When you bring home that new kitten (call “her” “Sylvie,” but she hasn't yet specified her pronouns), the first thing she's going do is mew, then shiver, and then try to hide. With those phases discharged, likely in a matter of seconds, she’s going to start mapping the room as completely as possible, then memorizing the map, and then expanding it, as though she were Amerigo Vespucci arriving in a new hemisphere. A cat is a world explorer, and the maturation of a cat entails the expansion and refinement of her catmap. The basic sensory capacities and intelligence of the feline are visual and spatial, which no doubt emerges from the stalking lifestyle.
When we brought Sylvie the gray tabby home last month, she was six or seven weeks old. When we opened the door of the carrier, she retreated to the back and gazed at us from that tiny face with big eyes, ears pricked all the way up. A minute later she was circumnavigating the living room, starting along the edges and working in concentric circles toward the center. She stopped to touch each object with a paw or with her nose, or maybe give it a little taste, and was on to the next. Then perhaps she returned to the first one and touched it again, as though being sure it was still there, a permanent feature, and establishing its spatial relation to the second thing. She probably took 15 minutes on the task before realizing that it was time to eat and sleep.

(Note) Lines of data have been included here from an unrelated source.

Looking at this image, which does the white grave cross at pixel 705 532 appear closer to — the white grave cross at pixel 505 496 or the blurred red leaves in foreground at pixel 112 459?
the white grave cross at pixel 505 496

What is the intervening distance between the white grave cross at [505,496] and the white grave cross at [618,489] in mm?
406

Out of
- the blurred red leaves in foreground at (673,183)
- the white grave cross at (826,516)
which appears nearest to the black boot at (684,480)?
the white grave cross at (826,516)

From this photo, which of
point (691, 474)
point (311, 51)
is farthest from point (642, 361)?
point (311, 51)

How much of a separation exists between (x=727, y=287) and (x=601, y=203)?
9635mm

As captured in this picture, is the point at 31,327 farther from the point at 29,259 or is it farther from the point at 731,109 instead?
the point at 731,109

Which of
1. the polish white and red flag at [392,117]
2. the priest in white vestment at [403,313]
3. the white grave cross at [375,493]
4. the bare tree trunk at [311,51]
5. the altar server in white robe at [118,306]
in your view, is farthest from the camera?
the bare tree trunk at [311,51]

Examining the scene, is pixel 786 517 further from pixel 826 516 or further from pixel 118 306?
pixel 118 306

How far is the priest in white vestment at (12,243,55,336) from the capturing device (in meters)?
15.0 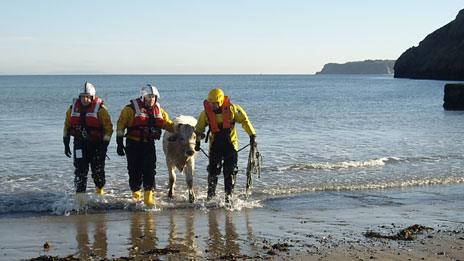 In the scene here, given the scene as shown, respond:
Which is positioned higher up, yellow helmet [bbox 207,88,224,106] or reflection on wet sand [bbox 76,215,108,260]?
yellow helmet [bbox 207,88,224,106]

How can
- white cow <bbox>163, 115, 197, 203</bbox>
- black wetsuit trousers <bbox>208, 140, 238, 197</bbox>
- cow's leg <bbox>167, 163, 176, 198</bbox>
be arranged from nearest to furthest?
black wetsuit trousers <bbox>208, 140, 238, 197</bbox>, white cow <bbox>163, 115, 197, 203</bbox>, cow's leg <bbox>167, 163, 176, 198</bbox>

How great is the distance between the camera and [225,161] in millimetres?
10250

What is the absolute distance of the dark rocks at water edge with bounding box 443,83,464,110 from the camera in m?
36.1

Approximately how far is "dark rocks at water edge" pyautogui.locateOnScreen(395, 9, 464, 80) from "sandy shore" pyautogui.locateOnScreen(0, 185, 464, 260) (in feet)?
259

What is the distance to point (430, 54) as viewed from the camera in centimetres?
10294

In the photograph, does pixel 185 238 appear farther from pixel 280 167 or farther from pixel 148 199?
pixel 280 167

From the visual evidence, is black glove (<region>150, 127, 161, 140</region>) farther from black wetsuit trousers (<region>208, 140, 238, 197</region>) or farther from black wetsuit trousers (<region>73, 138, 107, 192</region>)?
black wetsuit trousers (<region>208, 140, 238, 197</region>)

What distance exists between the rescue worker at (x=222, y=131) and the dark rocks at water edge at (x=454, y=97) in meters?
28.6

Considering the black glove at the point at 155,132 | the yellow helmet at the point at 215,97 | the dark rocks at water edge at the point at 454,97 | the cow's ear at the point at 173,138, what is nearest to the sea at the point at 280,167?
the cow's ear at the point at 173,138

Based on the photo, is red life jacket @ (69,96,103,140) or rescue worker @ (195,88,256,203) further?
rescue worker @ (195,88,256,203)

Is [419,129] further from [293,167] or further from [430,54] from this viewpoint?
[430,54]

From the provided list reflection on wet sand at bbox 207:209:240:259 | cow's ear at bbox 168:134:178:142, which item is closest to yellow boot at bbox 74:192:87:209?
cow's ear at bbox 168:134:178:142

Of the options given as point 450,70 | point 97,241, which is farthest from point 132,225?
point 450,70

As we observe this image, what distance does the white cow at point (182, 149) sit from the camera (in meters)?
10.3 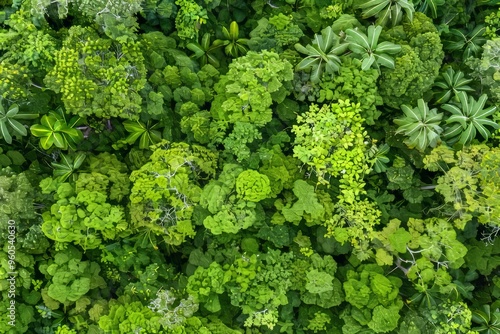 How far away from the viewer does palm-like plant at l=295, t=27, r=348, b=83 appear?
5.73 meters

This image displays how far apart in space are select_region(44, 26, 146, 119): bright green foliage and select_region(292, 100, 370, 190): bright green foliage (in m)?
2.37

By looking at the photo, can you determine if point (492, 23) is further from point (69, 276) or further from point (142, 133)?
point (69, 276)

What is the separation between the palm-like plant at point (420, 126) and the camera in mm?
5629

Over the next few hours, she circumnavigated and charted each room, closet, cupboard she entered, at first hesitantly, but moving quickly into explorer mode. And as she's gotten more physically capable, ever-more cat-like in her agility, over the past few weeks, the representation has expanded into three dimensions, like the clockwork map from Game of Thrones. She's started getting up on the backs of chairs, up onto tables, bookcases, windowsills, counters, adding a series of vertical layers to the horizontal chart. She must be frustrated at this point that she can't walk around on the ceiling.

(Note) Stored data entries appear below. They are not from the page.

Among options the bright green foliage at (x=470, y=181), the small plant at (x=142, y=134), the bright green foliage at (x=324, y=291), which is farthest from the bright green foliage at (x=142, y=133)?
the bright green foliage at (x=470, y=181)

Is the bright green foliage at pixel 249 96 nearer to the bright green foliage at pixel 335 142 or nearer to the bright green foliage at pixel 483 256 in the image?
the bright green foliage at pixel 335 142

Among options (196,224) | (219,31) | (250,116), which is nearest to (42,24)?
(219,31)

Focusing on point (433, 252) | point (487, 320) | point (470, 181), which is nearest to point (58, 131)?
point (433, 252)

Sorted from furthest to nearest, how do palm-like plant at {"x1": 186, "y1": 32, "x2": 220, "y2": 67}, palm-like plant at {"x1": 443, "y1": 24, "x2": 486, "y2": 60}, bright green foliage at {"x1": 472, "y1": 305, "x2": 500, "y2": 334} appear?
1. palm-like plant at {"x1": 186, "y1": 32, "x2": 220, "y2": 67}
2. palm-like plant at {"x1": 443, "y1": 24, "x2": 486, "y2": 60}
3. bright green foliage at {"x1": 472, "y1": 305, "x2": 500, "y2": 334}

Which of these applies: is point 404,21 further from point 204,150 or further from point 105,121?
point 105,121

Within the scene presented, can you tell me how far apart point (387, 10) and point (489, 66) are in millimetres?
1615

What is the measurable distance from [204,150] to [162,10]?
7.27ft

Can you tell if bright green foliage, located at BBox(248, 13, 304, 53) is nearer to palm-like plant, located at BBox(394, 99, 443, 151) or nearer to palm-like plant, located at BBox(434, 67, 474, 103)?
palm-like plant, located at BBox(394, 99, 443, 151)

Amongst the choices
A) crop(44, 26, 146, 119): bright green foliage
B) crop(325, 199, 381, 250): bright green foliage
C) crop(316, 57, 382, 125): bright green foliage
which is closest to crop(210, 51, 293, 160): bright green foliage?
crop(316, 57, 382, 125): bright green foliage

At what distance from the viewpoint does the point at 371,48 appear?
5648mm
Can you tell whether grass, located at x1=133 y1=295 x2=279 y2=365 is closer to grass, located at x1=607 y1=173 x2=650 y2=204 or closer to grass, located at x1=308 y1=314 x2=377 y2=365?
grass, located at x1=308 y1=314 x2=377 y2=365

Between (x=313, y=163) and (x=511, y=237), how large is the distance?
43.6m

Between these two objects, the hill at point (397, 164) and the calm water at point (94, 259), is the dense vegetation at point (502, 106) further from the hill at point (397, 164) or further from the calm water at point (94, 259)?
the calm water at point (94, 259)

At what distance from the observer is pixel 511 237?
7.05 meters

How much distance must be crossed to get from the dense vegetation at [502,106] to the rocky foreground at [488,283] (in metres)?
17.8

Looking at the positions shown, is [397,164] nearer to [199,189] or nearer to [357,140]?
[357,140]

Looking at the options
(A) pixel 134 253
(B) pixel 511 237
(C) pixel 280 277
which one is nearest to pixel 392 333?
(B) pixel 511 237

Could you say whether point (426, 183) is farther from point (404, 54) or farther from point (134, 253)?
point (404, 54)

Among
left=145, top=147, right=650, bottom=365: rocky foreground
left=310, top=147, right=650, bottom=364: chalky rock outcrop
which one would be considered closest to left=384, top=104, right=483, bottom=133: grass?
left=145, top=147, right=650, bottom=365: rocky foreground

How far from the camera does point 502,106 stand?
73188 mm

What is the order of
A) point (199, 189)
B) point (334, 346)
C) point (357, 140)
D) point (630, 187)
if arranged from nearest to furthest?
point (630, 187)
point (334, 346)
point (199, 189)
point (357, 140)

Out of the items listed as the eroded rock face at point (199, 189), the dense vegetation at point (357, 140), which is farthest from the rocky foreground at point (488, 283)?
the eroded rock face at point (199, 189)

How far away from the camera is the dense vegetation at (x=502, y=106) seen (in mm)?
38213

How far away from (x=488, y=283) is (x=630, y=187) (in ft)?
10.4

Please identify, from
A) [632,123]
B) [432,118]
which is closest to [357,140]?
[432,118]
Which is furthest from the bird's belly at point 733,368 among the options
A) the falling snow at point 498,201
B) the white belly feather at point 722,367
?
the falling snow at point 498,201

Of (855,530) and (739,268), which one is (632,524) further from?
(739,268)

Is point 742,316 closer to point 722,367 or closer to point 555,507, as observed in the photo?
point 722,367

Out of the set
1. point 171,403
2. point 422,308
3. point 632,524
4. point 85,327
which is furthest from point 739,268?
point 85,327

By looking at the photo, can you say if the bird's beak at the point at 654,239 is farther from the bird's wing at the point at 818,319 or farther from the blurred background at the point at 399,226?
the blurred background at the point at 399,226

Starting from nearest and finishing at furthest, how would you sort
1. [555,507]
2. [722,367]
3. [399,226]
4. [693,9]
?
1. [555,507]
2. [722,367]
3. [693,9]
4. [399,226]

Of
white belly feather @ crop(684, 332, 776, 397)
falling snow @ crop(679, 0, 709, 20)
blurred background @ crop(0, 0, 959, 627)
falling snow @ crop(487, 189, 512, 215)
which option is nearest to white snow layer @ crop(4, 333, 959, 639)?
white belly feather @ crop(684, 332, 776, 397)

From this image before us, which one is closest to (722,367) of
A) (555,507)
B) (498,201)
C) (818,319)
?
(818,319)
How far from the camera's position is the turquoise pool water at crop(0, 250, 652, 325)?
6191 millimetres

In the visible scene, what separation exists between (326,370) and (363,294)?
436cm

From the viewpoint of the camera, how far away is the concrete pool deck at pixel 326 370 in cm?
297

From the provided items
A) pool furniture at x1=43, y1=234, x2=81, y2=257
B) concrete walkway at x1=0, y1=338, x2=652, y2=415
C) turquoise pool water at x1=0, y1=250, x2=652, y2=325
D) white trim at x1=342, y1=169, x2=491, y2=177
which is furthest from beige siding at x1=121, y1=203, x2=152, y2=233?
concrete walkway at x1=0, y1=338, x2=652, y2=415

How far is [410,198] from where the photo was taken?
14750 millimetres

Generating a representation of the space around them and the objects in that space seems essential to a cat-style predator, especially one who’s also liable, on a bad day, to end up as prey. Out here in rural central Pennsylvania, there are colonies of feral cats, no doubt mapping the whole region, and there are animals that take cats, such as foxes and coyotes. But in those sorts of conditions, it’s a matter of life and death to know where to find the nearest good cover, to know which features are permanent and which mobile or ephemeral, to be able to detect any change as well as any movement.

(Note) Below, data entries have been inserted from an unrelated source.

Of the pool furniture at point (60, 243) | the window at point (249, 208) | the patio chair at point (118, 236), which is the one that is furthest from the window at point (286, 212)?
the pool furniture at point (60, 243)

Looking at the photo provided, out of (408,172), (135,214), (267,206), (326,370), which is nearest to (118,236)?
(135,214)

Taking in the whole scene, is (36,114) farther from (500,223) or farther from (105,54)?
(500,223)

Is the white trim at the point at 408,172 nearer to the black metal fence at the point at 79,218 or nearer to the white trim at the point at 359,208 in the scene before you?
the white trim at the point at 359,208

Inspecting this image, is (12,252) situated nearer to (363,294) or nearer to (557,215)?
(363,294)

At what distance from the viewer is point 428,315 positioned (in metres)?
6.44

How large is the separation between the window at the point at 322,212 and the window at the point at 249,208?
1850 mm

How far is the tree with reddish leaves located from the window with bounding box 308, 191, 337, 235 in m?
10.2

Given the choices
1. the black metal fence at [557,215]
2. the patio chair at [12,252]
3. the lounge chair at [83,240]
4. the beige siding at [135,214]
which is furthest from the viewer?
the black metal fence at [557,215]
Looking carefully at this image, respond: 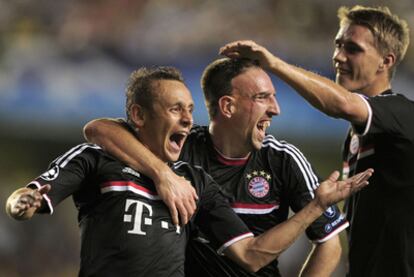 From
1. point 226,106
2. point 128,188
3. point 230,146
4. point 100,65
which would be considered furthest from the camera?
point 100,65

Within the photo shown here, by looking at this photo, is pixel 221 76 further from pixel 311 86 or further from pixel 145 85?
pixel 311 86

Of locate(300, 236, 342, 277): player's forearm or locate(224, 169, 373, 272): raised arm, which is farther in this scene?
locate(300, 236, 342, 277): player's forearm

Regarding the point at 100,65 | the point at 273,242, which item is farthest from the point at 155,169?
the point at 100,65

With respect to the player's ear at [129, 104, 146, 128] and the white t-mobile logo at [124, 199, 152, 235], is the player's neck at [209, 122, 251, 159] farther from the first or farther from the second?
the white t-mobile logo at [124, 199, 152, 235]

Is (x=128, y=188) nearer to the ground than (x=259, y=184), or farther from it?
farther from it

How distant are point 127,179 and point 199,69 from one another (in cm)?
487

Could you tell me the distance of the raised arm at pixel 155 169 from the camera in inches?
129

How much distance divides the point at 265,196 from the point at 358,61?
0.98 m

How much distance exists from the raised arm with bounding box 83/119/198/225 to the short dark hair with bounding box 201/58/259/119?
2.46ft

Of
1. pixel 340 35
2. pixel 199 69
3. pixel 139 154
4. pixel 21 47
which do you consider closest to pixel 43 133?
pixel 21 47

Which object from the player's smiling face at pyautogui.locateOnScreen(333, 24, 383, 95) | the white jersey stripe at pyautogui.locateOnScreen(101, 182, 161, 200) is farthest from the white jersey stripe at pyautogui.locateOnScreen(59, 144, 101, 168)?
the player's smiling face at pyautogui.locateOnScreen(333, 24, 383, 95)

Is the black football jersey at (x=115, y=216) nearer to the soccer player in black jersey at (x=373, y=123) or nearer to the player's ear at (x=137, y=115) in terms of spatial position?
the player's ear at (x=137, y=115)

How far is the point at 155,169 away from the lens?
3.33m

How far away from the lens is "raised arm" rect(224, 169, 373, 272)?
326 cm
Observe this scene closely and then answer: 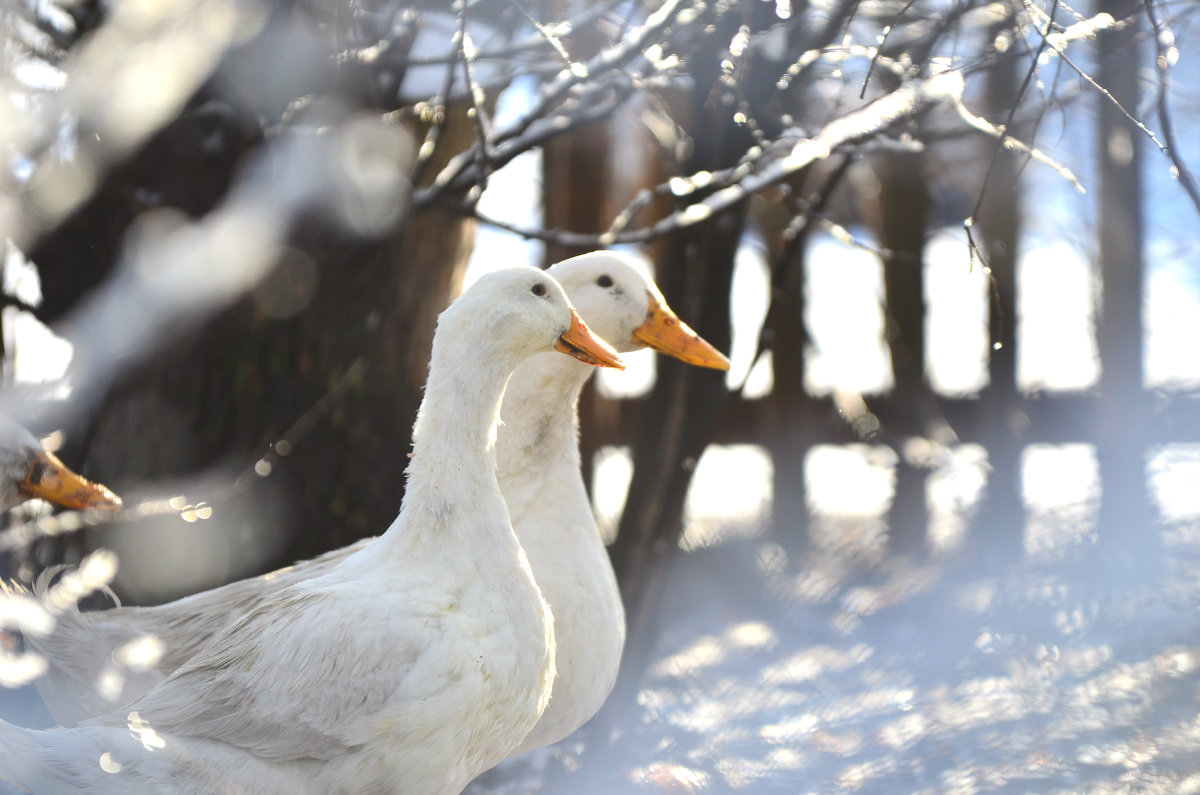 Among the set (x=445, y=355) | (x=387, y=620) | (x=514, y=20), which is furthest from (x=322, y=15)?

I've noticed this for years with my 12-year-old gray tabby Thistle. Bring a box in, as one now does so often, and even if she didn't see it come in, it's the first thing she notices. She'll still circumnavigate it and touch it, though maybe she no longer tries to leap into or onto it. Once she has it fixed in her mind, she dismisses it. But she's always aware of every new thing in every room, always interested, still continually reconstruing her environment as it shifts.
Yesterday we were putting together a large cabinet in the living room. Sylvie was registering every change, jumping around the boxes, tearing or bopping at the packing materials. But Thistle was looking in through the window, refusing to enter an environment so familiar and yet at that moment so reconfigured and volatile. It's dangerous in there, her rebuking look through the glass seemed to say. Call me when you're finished.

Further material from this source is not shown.